SB: This could be a big problem. But you can investigate the material quality of vision, of acoustic perception. I was initially working between sculpture, painting, public interference and things. And there are so many things still to do. It just so happens I’m continuing in animation. Staying with a medium is something I’ve not done for such a long period of time before. It’s interesting to develop a level of expertise.ILY: Do you think creating work within the medium of Flash predicates a certain visual content for you? It presents an infinite number of ways of rendering something and so you end up having to explore a highly personal visual landscape. It is never general, it’s always your vision. So infinite possibilities are actually your possibilities. SB: I don’t treasure animation where there is no reason for it making this way if it is possible in another medium.

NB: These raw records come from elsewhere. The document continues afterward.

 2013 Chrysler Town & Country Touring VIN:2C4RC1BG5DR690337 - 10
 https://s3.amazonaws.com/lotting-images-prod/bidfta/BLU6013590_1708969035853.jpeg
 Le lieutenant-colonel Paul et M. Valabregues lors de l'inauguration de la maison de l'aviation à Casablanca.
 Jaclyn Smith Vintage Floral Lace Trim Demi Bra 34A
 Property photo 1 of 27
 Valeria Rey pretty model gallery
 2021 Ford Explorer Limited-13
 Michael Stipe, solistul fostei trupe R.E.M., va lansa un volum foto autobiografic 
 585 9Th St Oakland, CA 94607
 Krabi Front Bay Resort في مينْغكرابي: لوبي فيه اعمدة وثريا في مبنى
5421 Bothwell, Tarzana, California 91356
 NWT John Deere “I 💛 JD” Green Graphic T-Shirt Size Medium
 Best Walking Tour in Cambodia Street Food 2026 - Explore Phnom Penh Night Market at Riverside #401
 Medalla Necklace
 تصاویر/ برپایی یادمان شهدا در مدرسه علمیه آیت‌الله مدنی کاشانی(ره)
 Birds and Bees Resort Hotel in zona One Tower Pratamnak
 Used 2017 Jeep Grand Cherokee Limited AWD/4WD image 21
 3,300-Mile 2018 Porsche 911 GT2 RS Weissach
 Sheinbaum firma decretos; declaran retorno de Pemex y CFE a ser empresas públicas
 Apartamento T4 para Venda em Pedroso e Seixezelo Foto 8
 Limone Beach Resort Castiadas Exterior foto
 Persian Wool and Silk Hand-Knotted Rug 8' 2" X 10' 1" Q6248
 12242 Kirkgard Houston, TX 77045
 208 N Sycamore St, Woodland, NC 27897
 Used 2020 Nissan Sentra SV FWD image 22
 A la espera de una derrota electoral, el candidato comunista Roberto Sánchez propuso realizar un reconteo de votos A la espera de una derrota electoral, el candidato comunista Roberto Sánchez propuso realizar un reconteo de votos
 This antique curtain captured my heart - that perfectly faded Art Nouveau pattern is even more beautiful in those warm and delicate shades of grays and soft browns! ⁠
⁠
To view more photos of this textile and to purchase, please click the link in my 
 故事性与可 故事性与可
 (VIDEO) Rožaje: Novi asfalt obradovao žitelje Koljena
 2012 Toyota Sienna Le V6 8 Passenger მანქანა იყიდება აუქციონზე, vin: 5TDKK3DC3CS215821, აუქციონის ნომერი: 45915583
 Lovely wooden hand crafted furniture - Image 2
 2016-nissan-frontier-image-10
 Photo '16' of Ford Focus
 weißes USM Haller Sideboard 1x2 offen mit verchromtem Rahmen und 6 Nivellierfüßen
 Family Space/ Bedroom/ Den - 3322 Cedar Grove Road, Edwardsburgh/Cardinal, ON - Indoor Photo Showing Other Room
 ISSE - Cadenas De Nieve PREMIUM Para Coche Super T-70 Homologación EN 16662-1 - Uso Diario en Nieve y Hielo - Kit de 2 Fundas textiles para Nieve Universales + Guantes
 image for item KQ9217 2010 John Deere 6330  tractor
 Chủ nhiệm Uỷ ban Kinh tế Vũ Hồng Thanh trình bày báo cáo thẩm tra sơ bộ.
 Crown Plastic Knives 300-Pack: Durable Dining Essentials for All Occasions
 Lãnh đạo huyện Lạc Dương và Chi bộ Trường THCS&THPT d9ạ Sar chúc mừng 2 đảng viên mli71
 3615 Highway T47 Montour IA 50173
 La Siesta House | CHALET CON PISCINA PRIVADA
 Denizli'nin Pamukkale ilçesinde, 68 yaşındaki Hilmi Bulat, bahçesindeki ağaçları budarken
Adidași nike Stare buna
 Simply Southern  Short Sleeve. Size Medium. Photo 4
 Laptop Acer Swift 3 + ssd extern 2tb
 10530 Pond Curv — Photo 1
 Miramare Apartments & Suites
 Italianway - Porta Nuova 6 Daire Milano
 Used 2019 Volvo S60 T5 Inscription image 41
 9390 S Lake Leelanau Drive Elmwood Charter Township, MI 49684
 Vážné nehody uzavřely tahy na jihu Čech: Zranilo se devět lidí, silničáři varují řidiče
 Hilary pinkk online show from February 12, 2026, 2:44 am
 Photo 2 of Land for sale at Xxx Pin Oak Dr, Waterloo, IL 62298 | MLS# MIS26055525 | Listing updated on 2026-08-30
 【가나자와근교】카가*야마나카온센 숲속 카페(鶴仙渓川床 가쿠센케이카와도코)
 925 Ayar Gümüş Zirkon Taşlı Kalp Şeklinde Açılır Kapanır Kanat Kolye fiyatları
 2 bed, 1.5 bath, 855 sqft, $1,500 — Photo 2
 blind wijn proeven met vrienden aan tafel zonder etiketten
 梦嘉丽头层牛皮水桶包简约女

It always has to make sense within the medium. Just to make things in animation because it’s stylish is terrible. Animation has to be used where no other media can be used, like designing a phone or a clock in a way that it doesn’t exist in the real world.ILY: But then it’s becomes about transforming reality on every single level, if you’re talking about not even using something from a photograph or a film camera. SB: Back then I wasn’t thinking about it in such a harsh way. It was about what was convenient. I can make anything up and I don’t need anyone else. It’s selfsufficiency. But it must use the animation space and stretch the possibilities of that medium. I think that’s why I’m interested in the destruction of forms or the abstraction of things just now. I already know how I work. Let’s make it that way and see what happens.